BSI hat recht: Unsichere Solar-Steuerungen nicht akzeptabel!

Könnte uns die chinesische Regierung den Strom abschalten? Was nach dem Plot einer Netflix-Serie klingt, ist nicht so weit von der Realität entfernt, wie Sie vielleicht hoffen!

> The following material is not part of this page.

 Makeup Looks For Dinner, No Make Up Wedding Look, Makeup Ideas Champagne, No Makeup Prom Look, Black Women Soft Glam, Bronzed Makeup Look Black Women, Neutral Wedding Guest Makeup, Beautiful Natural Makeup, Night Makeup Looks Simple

Stromnetz stabilisieren: Herausforderungen und gesetzliche Vorgaben

Die Stabilisierung unseres Stromnetzes wird mit dem zunehmenden Einsatz erneuerbarer Energien immer komplexer. Erneuerbare Quellen wie Solar- und Windkraft erzeugen Energie in unregelmäßigen, wetterabhängigen Mustern, was die Netzbetreiber vor erhebliche Herausforderungen stellt. Es ist entscheidend, eine stabile Stromversorgung zu gewährleisten, um Ausfälle und großflächige Blackouts zu vermeiden. Trotz des Ausbaus erneuerbarer Energien haben wir in Deutschland eines der stabilsten Stromnetze der Welt, wie uns der World Energy Trilemma Index regelmäßig bestätigt.

Die Netzbetreiber integrieren weiterhin stabilisierende Mechanismen und nehmen die Herausforderung an. Hier kommt die fortschreitende Digitalisierung ins Spiel: Mit intelligenten Messsystemen, optimierten Steuerungsmöglichkeiten und  Regelmechanismen (Algorithmen) konnten bisher kritische Situationen entschärft werden. Dies ist ein Beleg dafür, dass sich unsere digital gestützte Infrastruktur in der Praxis bewährt.

Intelligente Messsysteme: Eckpfeiler der Netzsicherheit

Die Einführung intelligenter Messsysteme (Smart Meter) war nicht ohne Kontroversen. Jahrelange Diskussionen drehten sich um die von der Bundesregierung vorgegebenen hohen Sicherheitsstandards. Zahlreiche Hersteller taten sich schwer, diese Anforderungen zu erfüllen, und der Zertifizierungsprozess zog sich über Jahre hin – einige Unternehmen gaben entnervt auf. Doch das Bundesamt für Sicherheit in der Informationstechnik (BSI) hielt stand: Es blieb trotz erheblichen Gegenwindes bei den strikten Vorgaben und setzte eine Sicherheitsarchitektur durch. Dies ist ein entscheidender Faktor für den (zukünftigen) sicheren Betrieb von steuerbaren Verbrauchern wie Supermarktkühlschränken, Waschmaschinen und Elektroladepunkten.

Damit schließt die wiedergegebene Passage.